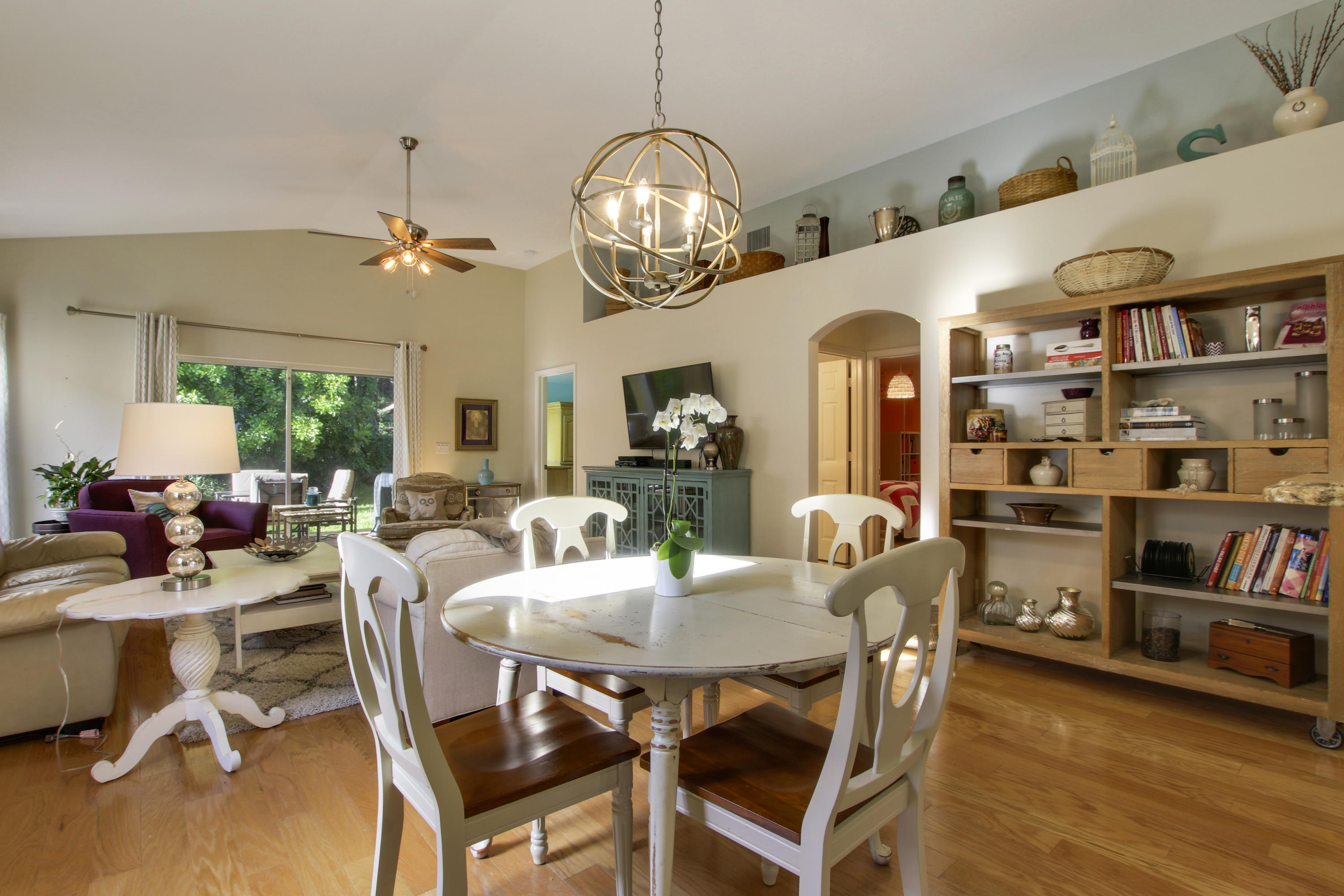 8047 Via Hacienda Riviera Beach, FL 33418 - Photo 8 of 23 House1-109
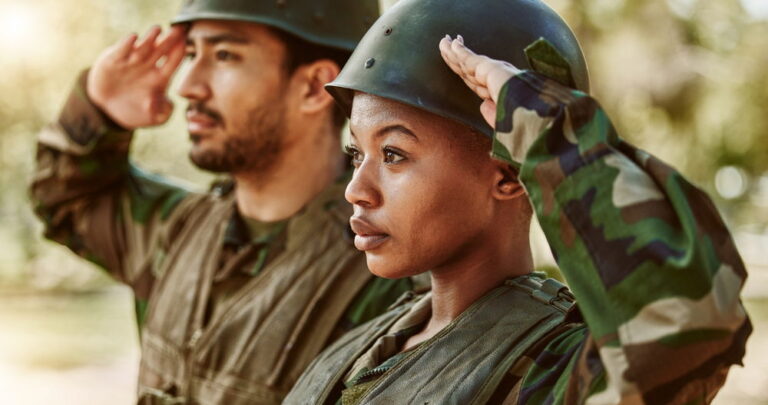 Les démocrates réintroduisent un projet de loi pour étudier et s'excuser pour les politiques militaires anti-LGBTQ+ Les démocrates réintroduisent un projet de loi pour étudier et s'excuser pour les politiques militaires anti-LGBTQ+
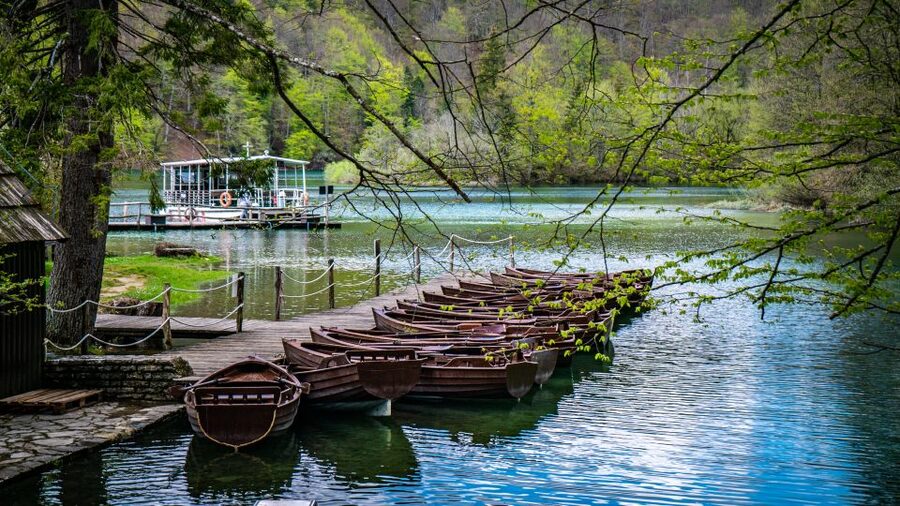 From Split: Plitvice Lakes Guided tour - What the guide adds beyond photos: conservation and local context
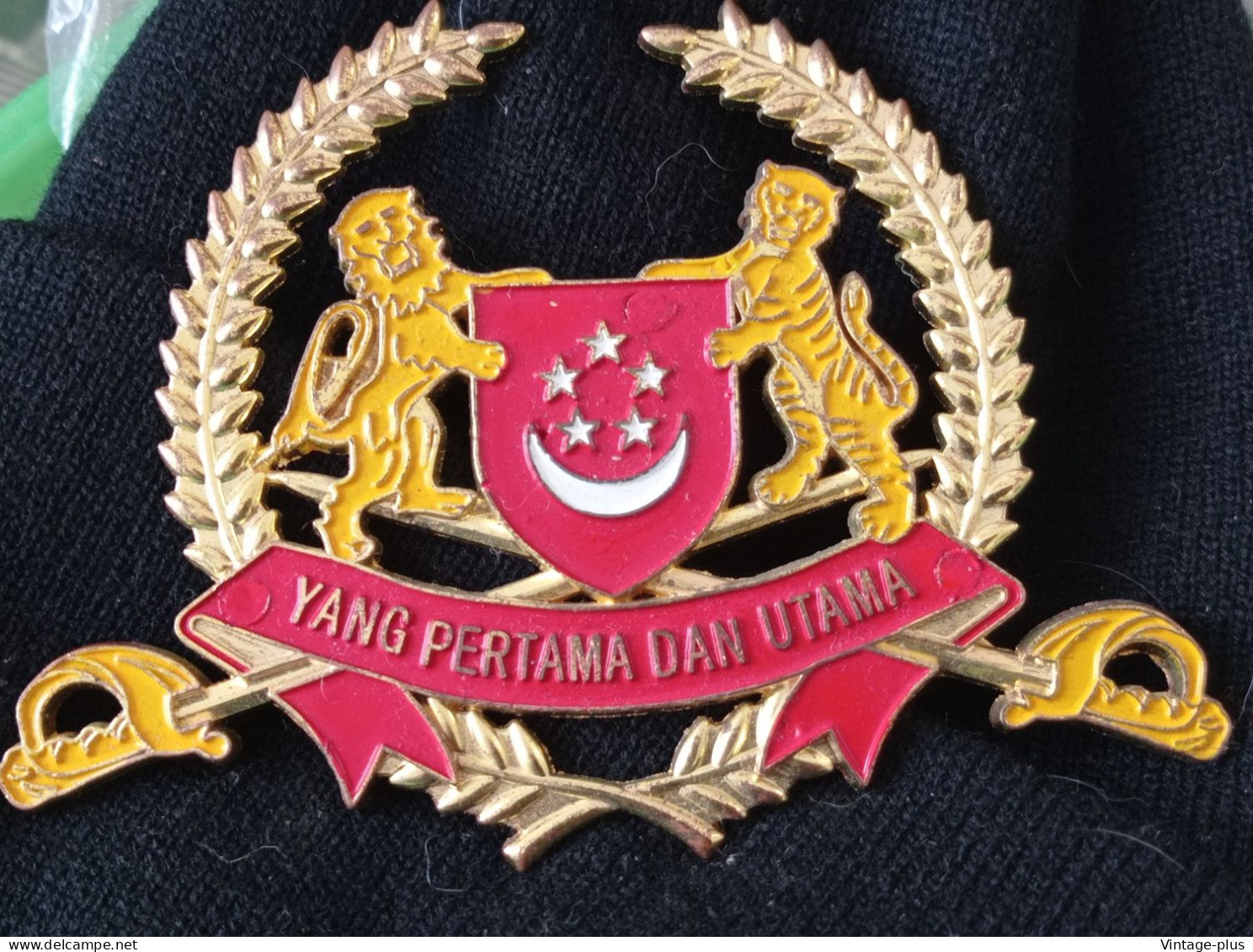 SINGAPORE -  YANG PERTAMA DAN UTAMA - POLICE BADGE POLIZIA DISTINTIVO SPECIAL AGENT SECURETY SERVICE  MILITARY - Police & Gendarmerie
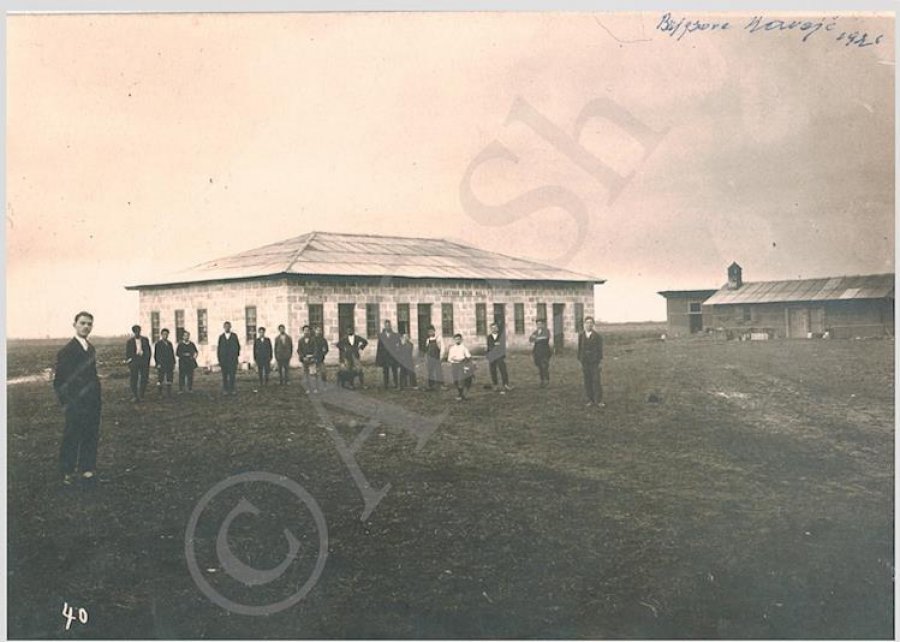 Rezidentët e parë amerikanë në Shqipëri
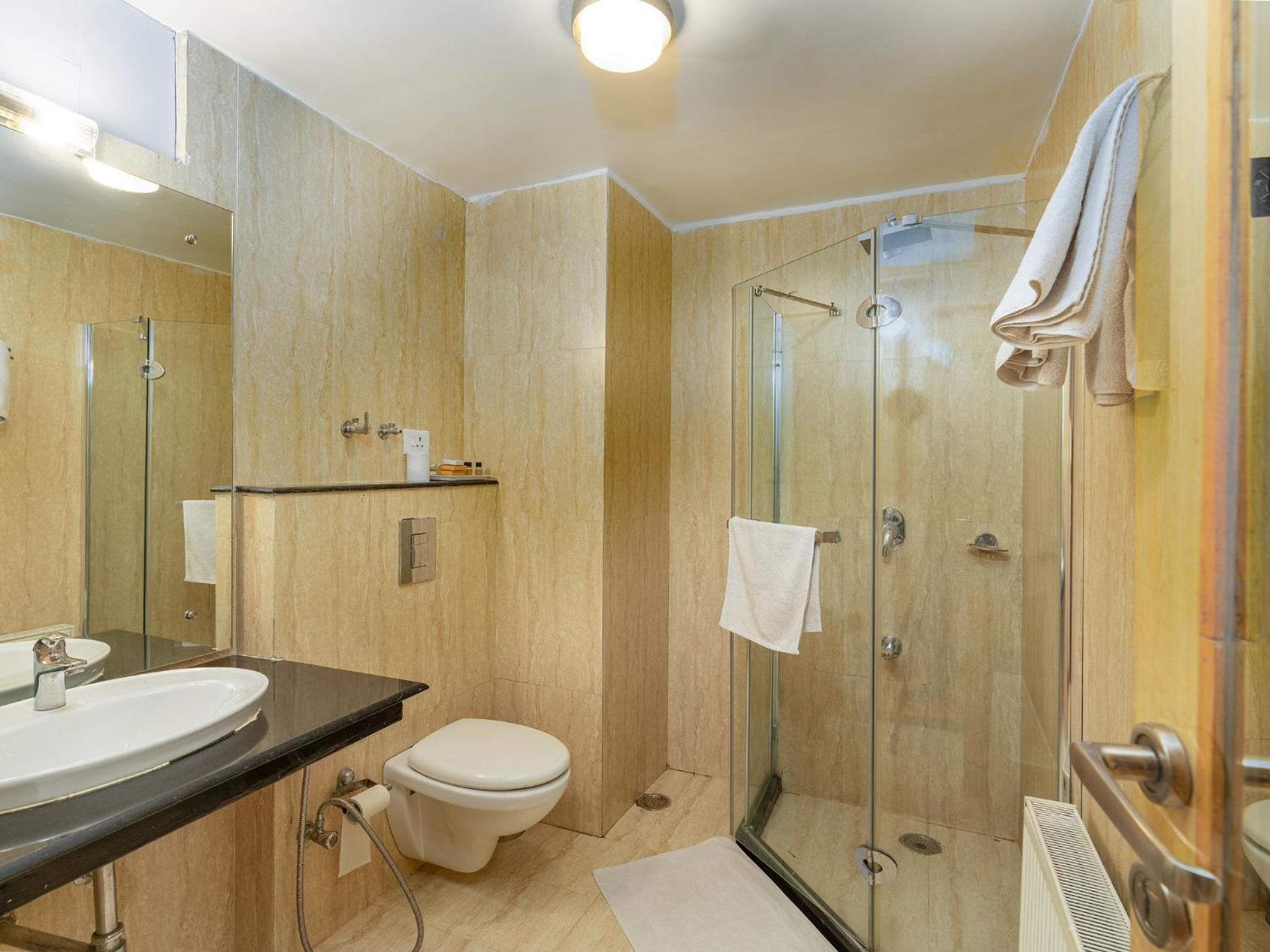 Hotel Pine Spring Gulmarg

*-*-*

### Assignment
Print the data word for word and omit the pictures.

### Response for this exercise
 8047 Via Hacienda Riviera Beach, FL 33418 - Photo 8 of 23 House1-109
 Les démocrates réintroduisent un projet de loi pour étudier et s'excuser pour les politiques militaires anti-LGBTQ+ Les démocrates réintroduisent un projet de loi pour étudier et s'excuser pour les politiques militaires anti-LGBTQ+
 From Split: Plitvice Lakes Guided tour - What the guide adds beyond photos: conservation and local context
 SINGAPORE -  YANG PERTAMA DAN UTAMA - POLICE BADGE POLIZIA DISTINTIVO SPECIAL AGENT SECURETY SERVICE  MILITARY - Police & Gendarmerie
 Rezidentët e parë amerikanë në Shqipëri
 Hotel Pine Spring Gulmarg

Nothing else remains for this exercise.